In C est une œuvre du compositeur Terry Riley composée en 1964 pour 35 instrumentistes et créée le à San Francisco[2]. Elle est considérée comme étant la première œuvre du courant de la musique minimaliste dite également répétitive.

Structure[modifier | modifier le code]

In C présente un concept alors inédit : la partition est uniquement composée de 53 phrases musicales, ou riffs ; les musiciens doivent jouer chacun de ces motifs, et le répéter autant de fois qu'ils le veulent avant de passer au motif suivant. Il n'y a aucune contrainte sur le nombre minimal ou maximal de répétitions. Ainsi, la partition de In C tient sur seulement une page, et les représentations de cette pièce musicale oscillent entre 45 minutes et 1h30[1].

Terry Riley note cependant quelques conseils sur cette partition : les thèmes doivent être joués dans l'ordre, doivent être répétés un nombre suffisant de fois (une minute par thème équivaut à 53 minutes de concert), et les musiciens ne doivent pas hésiter à s'arrêter de jouer de temps à autre afin d'écouter l'ensemble, et doivent tirer au maximum profit de l'alchimie sonore qui s'opère entre les instruments[1]. Par exemple, en restant sur un thème si une interaction avec un autre instrument s'opère. De plus, il est recommandé aux musiciens de ne pas prendre trop d'avance ou de retard les uns par rapport aux autres.

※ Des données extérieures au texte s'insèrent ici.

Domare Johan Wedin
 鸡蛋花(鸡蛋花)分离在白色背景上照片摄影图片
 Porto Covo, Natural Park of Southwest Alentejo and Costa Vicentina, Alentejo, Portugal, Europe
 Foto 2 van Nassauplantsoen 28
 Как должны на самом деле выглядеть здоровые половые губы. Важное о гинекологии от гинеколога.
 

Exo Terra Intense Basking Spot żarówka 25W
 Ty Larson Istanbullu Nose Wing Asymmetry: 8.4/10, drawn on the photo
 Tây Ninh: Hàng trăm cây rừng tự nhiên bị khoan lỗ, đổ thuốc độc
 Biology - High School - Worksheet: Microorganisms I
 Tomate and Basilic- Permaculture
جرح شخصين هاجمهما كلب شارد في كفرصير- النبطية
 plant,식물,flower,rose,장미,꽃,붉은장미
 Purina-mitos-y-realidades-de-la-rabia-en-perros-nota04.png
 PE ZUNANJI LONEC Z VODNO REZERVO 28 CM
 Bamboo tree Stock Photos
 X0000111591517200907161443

La pièce peut être jouée par n'importe quel nombre d'instruments, bien qu'un groupe de 35 au moins soit préférable. Cependant, l'enregistrement original de la pièce ne comporte que 11 musiciens (mais on utilisa l'overdub pour rajouter des dizaines d'instruments), alors qu'une représentation au Walt Disney Concert Hall fut donnée par 124 musiciens.

Tous les instruments peuvent jouer cette pièce ; Riley note que les synthétiseurs sont bienvenus, et que des chanteurs peuvent jouer cette pièce en utilisant les voyelles ou consonnes qu'ils veulent[1]. Il arrive aussi bien souvent au cours d'une représentation que les musiciens échangent leurs instruments[réf. nécessaire].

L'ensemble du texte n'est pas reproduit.